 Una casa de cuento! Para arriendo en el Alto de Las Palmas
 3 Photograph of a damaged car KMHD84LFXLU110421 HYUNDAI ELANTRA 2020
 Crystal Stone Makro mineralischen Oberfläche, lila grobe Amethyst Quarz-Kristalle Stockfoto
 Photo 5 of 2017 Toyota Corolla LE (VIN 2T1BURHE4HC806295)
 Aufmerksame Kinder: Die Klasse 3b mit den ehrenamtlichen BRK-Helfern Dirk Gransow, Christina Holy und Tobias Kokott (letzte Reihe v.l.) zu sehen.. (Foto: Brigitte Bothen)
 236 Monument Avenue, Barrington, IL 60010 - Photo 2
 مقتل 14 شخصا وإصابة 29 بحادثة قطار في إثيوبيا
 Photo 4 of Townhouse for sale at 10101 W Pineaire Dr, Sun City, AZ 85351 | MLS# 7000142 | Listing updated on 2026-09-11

...

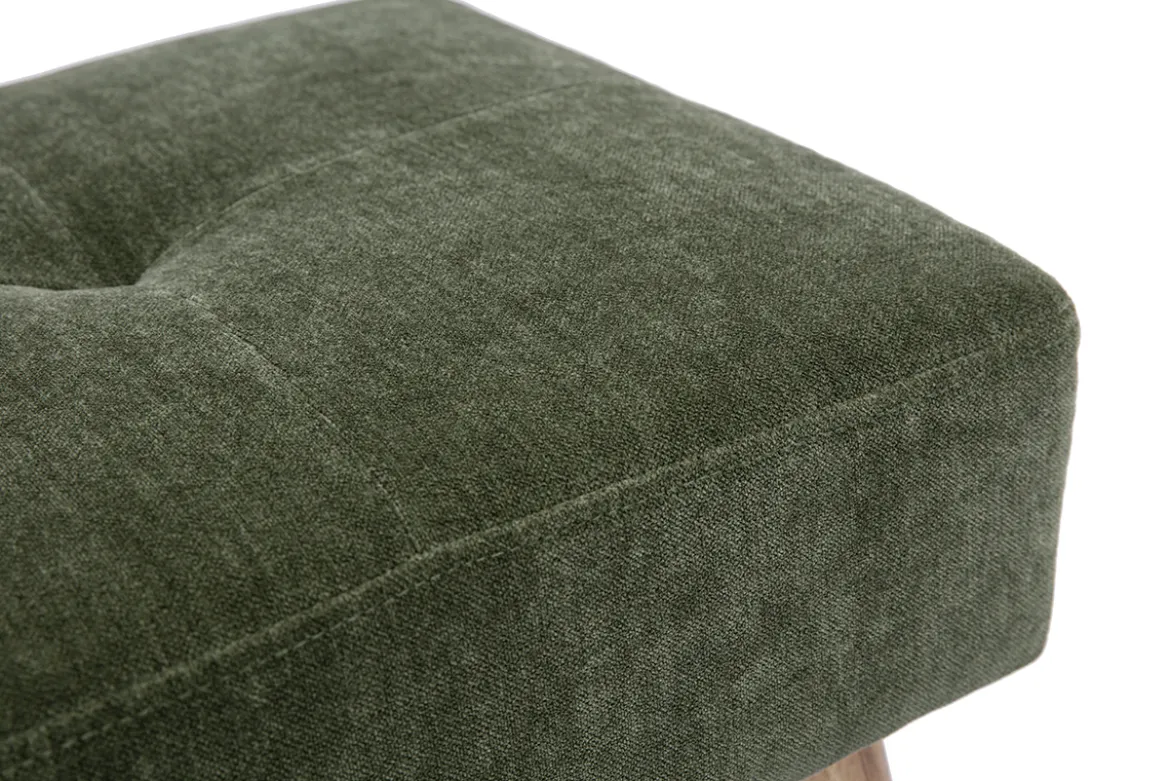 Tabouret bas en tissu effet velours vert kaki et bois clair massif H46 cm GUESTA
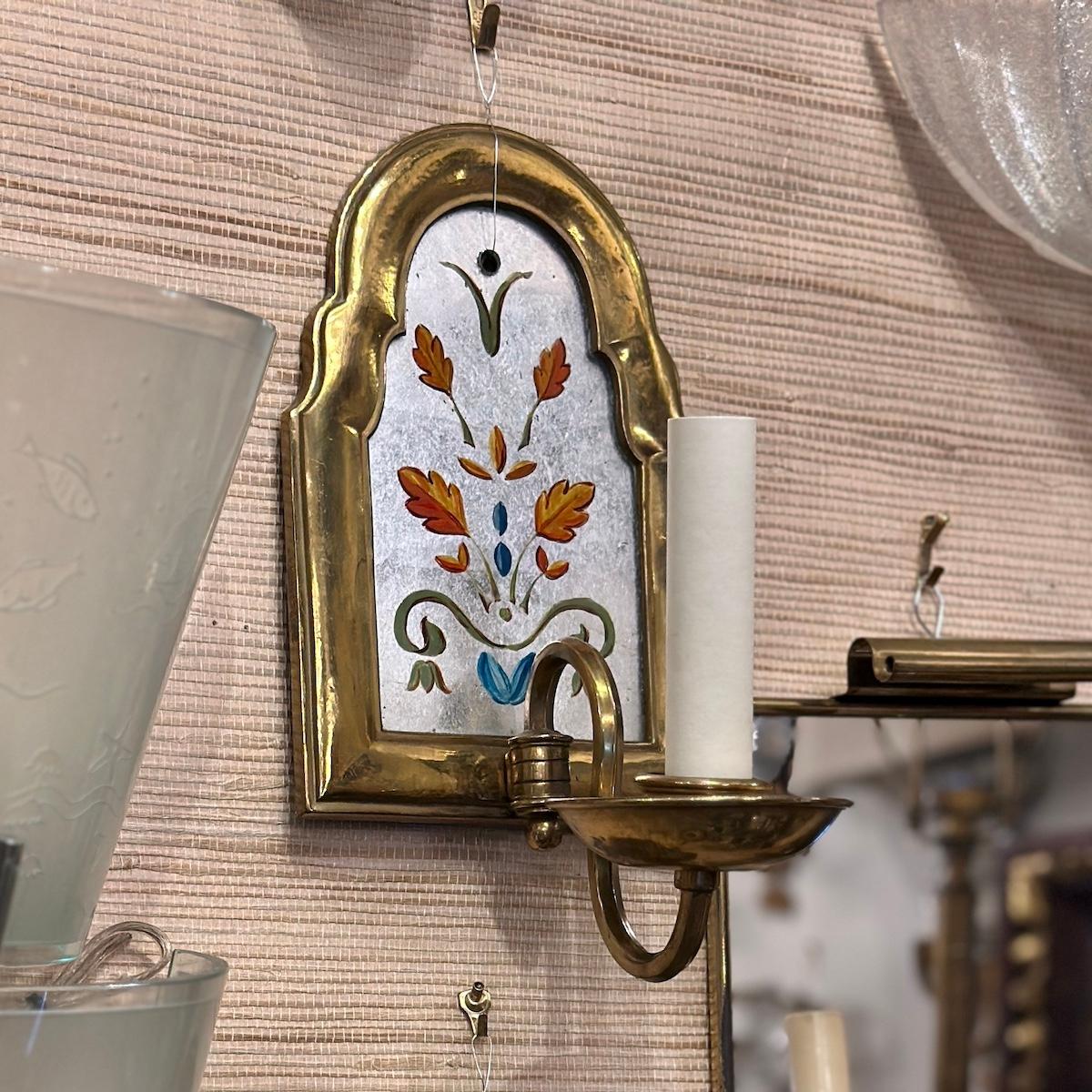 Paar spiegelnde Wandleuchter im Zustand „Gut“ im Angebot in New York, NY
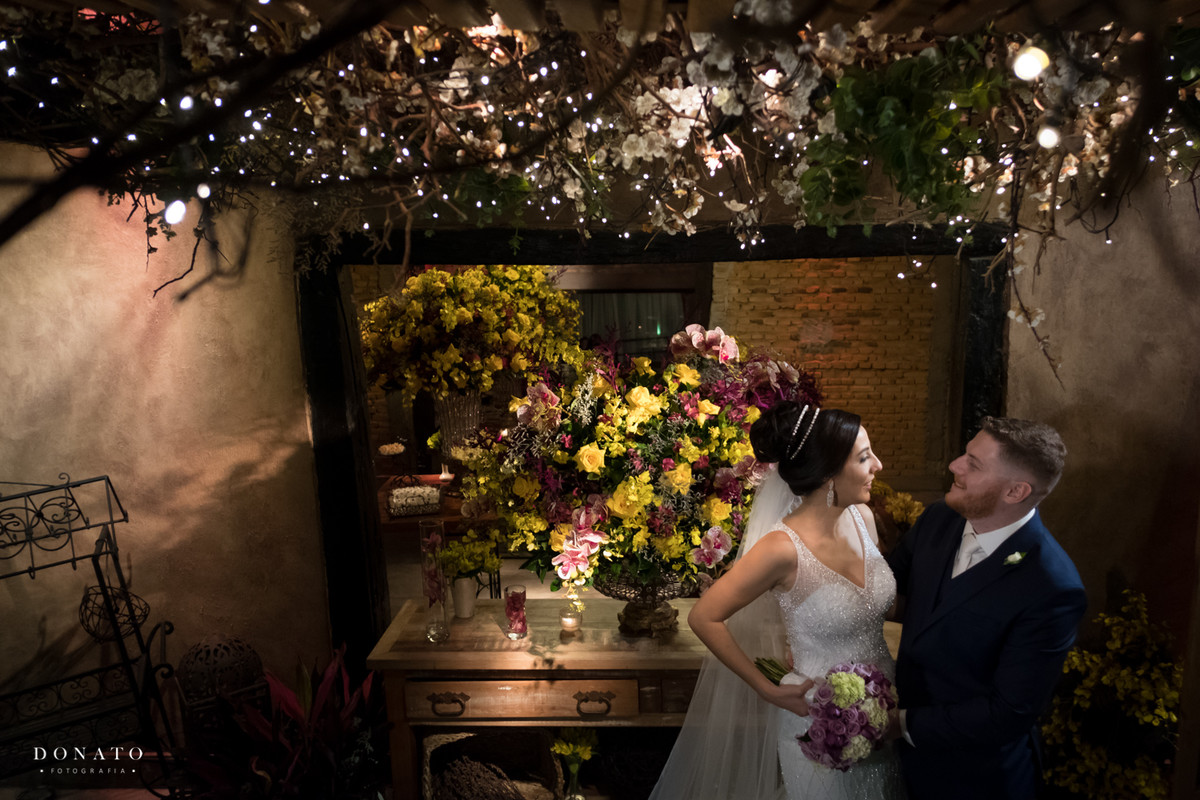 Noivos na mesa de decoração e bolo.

Exercise instructions >> Print exactly the lines above that run from the one with "Tabouret bas en" to the one with "Noivos na mesa de decoração e bolo.", both included. No pictures.

Solution to the problem >>
 Tabouret bas en tissu effet velours vert kaki et bois clair massif H46 cm GUESTA
 Paar spiegelnde Wandleuchter im Zustand „Gut“ im Angebot in New York, NY
 Noivos na mesa de decoração e bolo.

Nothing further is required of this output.